“Aye a beebee.”
He had pulled himself onto the couch, unassisted, and sprawled out on the quilt that is ALWAYS spread on the couch. He smiled, tickled at his own little game.
“You’ll always be my baby, bud,” I say from across the room.
“Momma, EAT,” he says, poking his mouth furiously. “Eat EAT eat!”
“Alright, bud,” I say, rising from the couch. “What are you hungry for?”
“Jeh-yoh,” he answered, and pulled it from the refrigerator once it was opened for him.
“How was your day?” I ask as we walk to the car from daycare.
“Gud,” he answers, too busy with waving buh-buh to everyone as we passed.
“I’m so glad!” I struggle to lift him into the car. He’s so stout, a little mass of hulk babyness with blue eyes and dimples. “Let’s go home and feed Little Dog.”

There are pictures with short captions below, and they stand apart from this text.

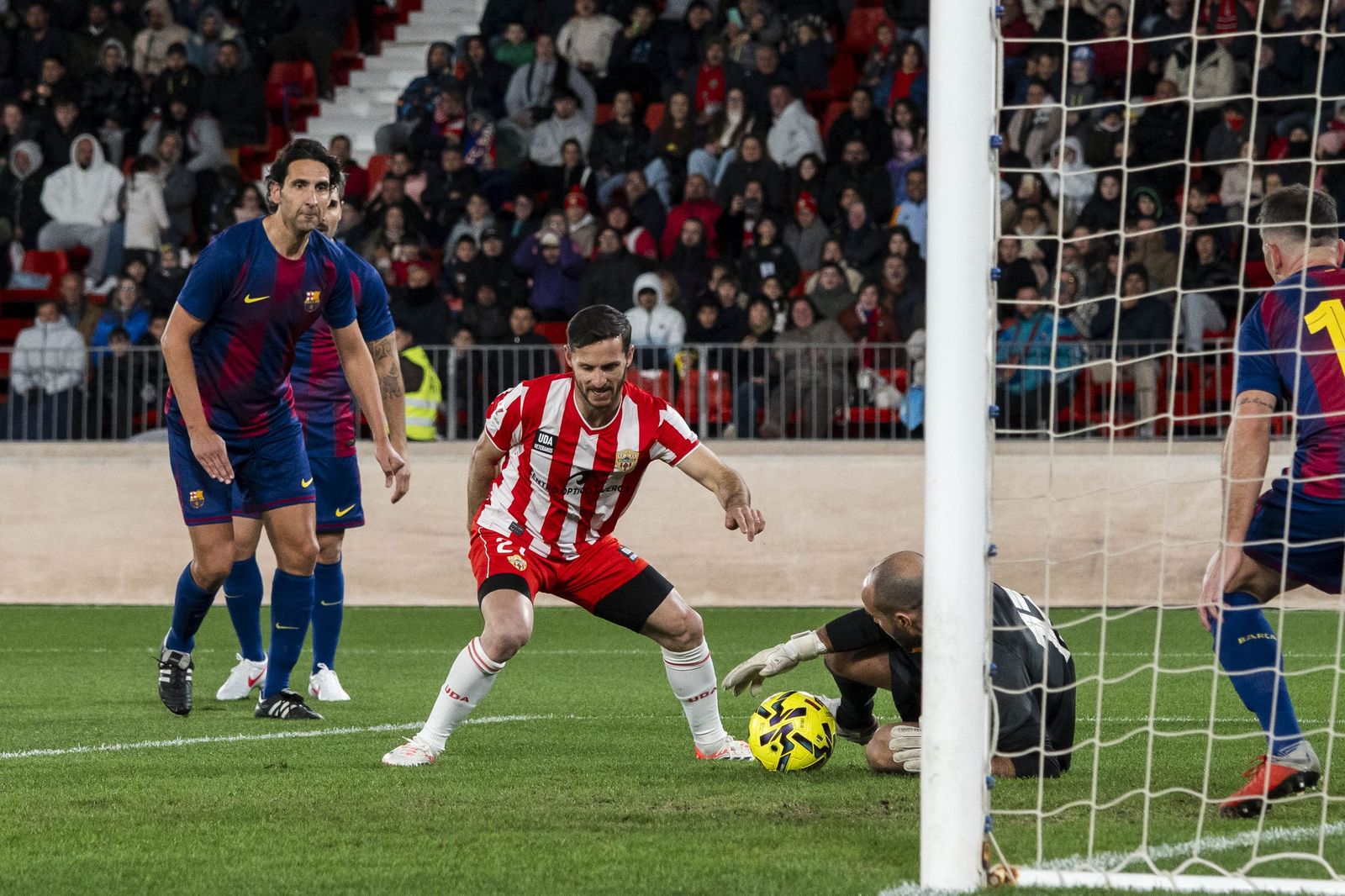 Fotogalería del partido homenaje a Guillermo Blanes entre los veteranos de la UD Almería y el FC Barcelona
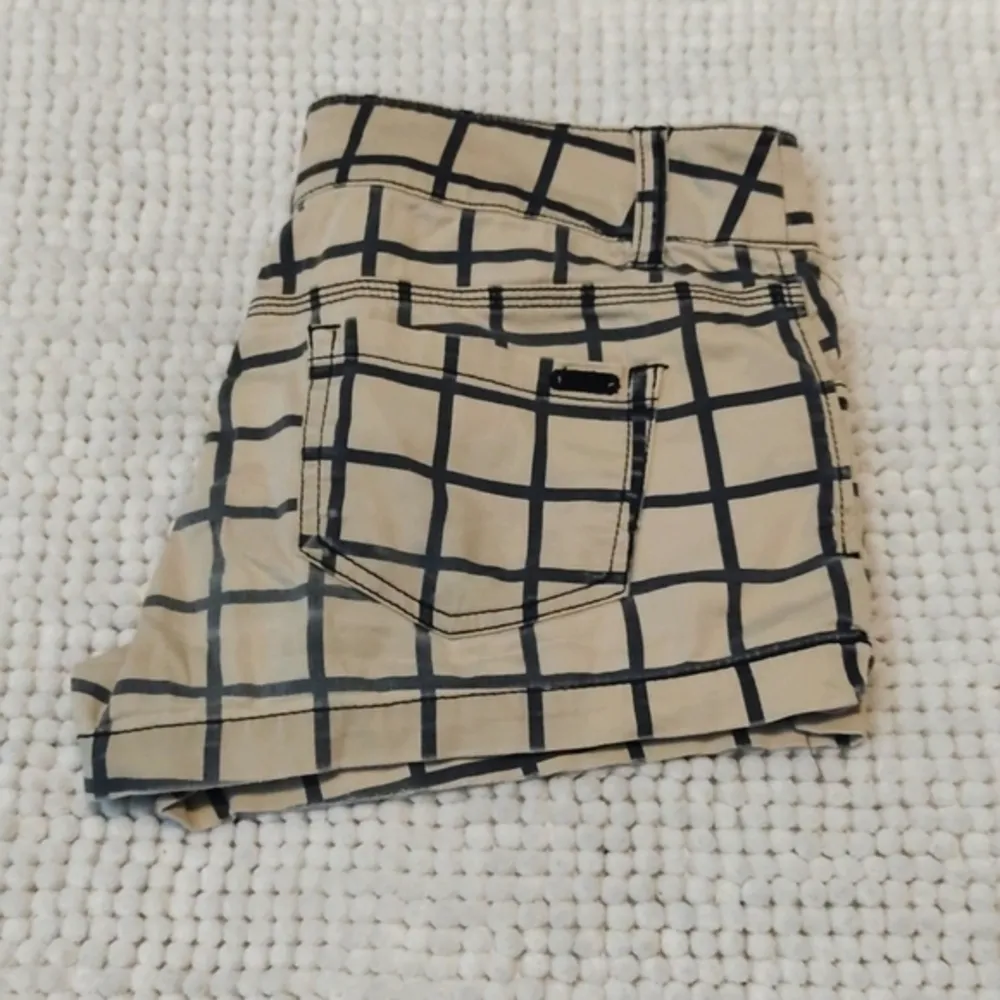 Women's Guess Plaid Checker Grid Tan & Black Shorts Size 24 GUC #6120 - Image 4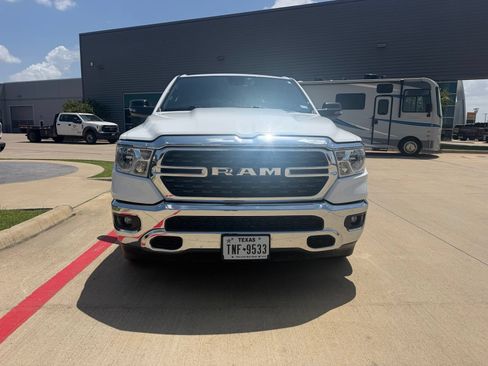 Used 2023 RAM 1500 Lone Star AWD/4WD image 2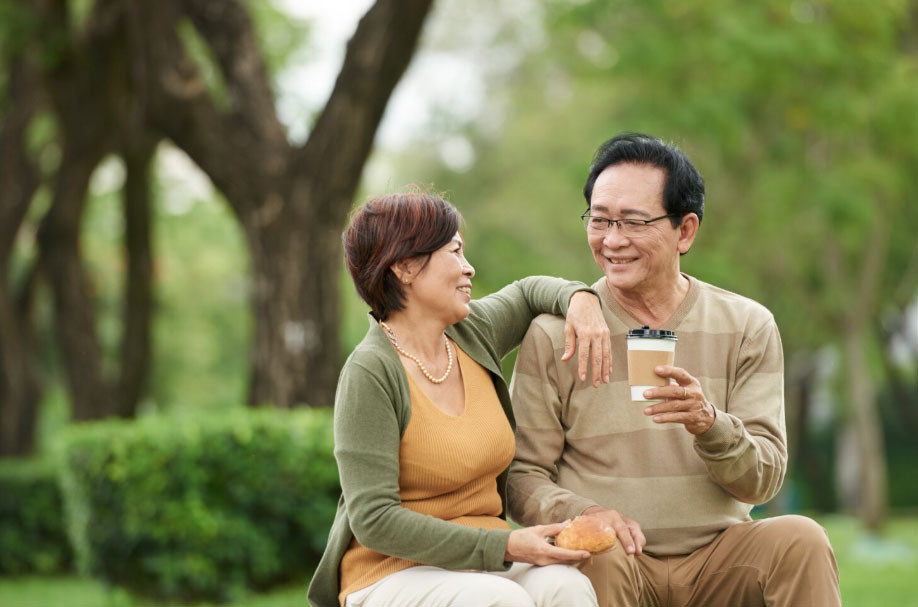 Thuê 4 người giúp việc trong nửa năm, vợ chồng tôi nhận ra lương hưu cao không mua được bình yên - Ảnh 1.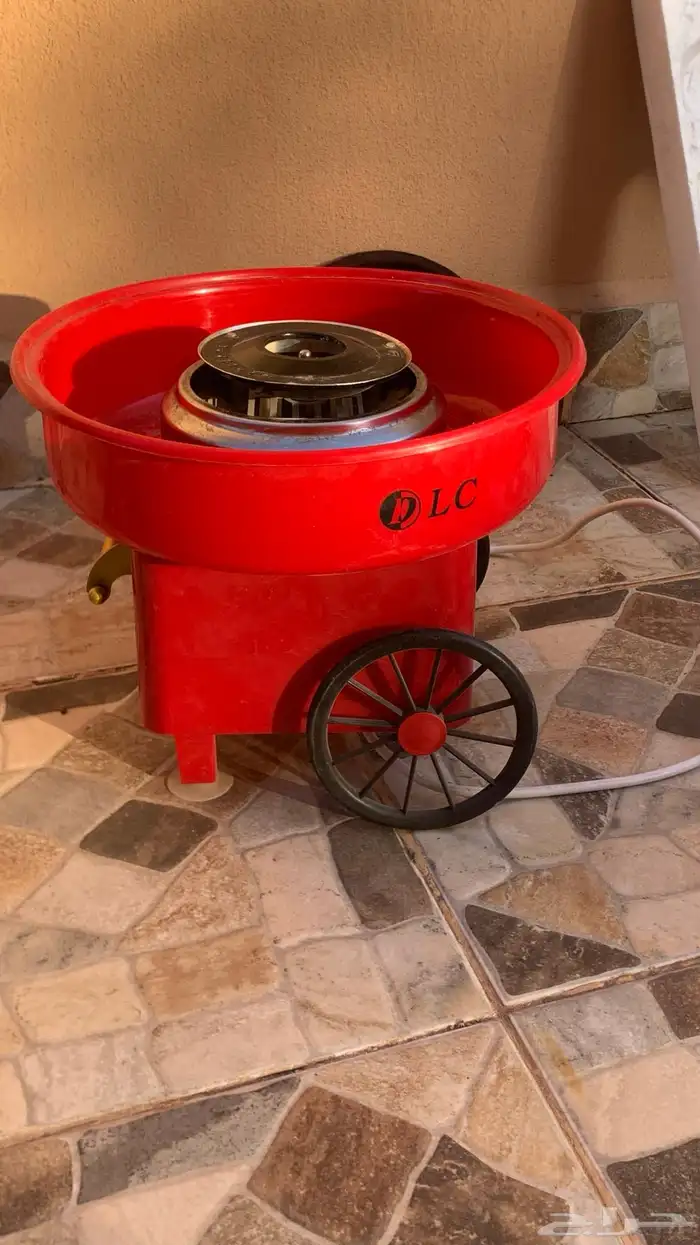 اله صانعة حلاو شعر البنات 0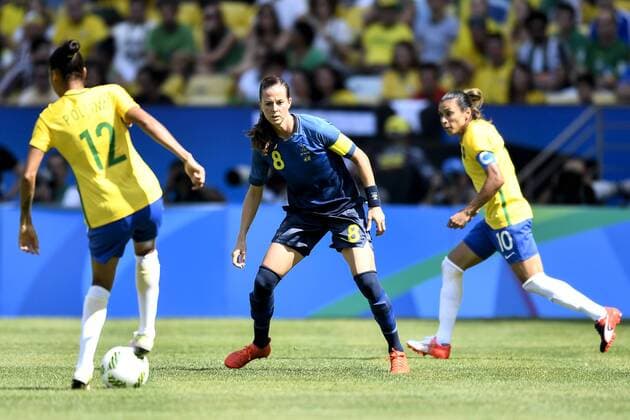 Rio 2016, Fußball, Damen, Brasilien - Schweden Brasiliens Poliana und Marta und Schweden s Lotta Schelin im Halbfinale Fußball Brasilien - Schweden Olympische Spiele in Rio de Janeiro 2016.  Copyright: CARLxSANDIN BB160816CS017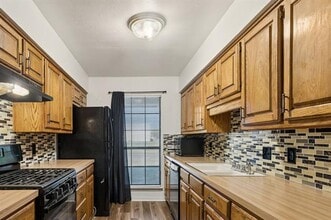 110 Lee St in Farmersville, TX - Building Photo - Building Photo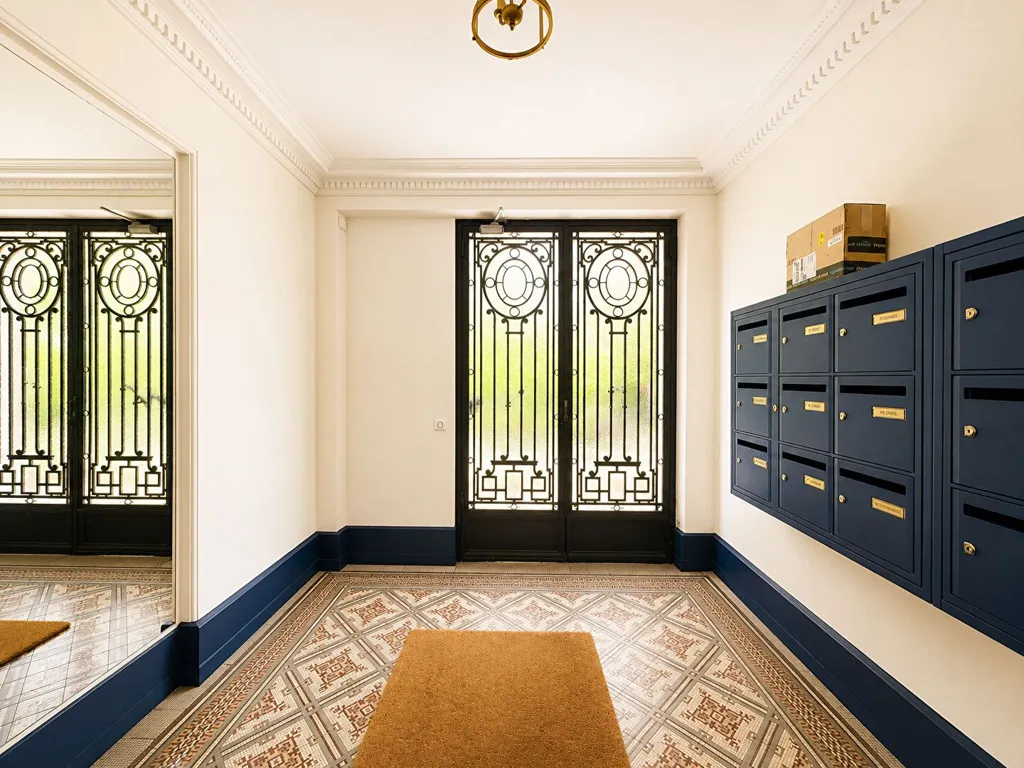 Entrée - Appartement Lumineux avec Balcons à Paris 15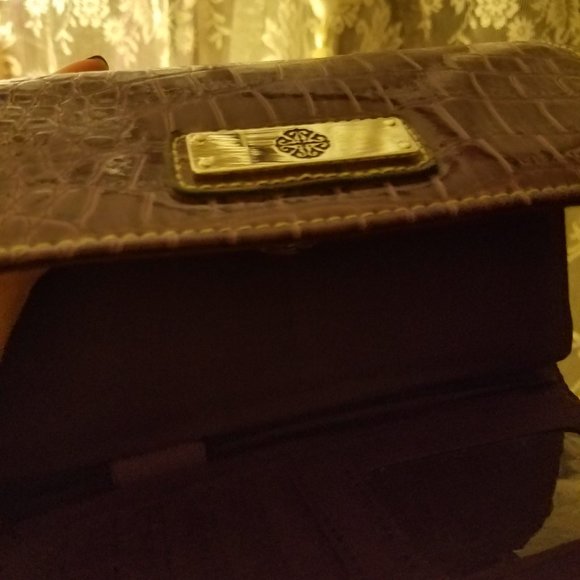 GORGEOUS PURPLE ANIMAL EMBOSSED WALLET WITH CHECK BOOK HLD AND CREDIT CARD SLOTS - Picture 12 of 13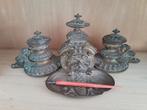 Bronzen inktpot, Ophalen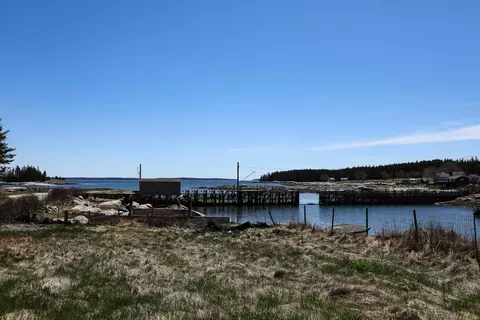 111 Old Place Rd, Deer Isle, ME 04627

“No,” he said, shaking his head as I weave his arms through the seat belt of his carseat. “See PaPa and Nonna?”
“No, buddy,” I say as I slide into my own seat. “We’re going to our house.”
“No, honey. Not Aunt Jenni. HOME. Our house. Someone has to feed Little Dog! Won’t you help me feed Little Dog?”
“Damnit, woman, I have just spent my entire day in a room with five other two year old boys and I’m damn tired of being treated like my opinions, wants, and needs are superfluous to whatever YOU have deemed a necessary itinerary for the evening! Now why don’t you shut the hell up and turn this damn piece of shit car around and head to FREAKING PAPA AND NONNA’S HOUSE BEFORE I BUST A CAP IN YO ASS!”
“What, buddy?” I say as we sit at the stoplight. “Can you help me feed Little Dog?”
He sighs. “Yah.”
One day we’ll speak the same language.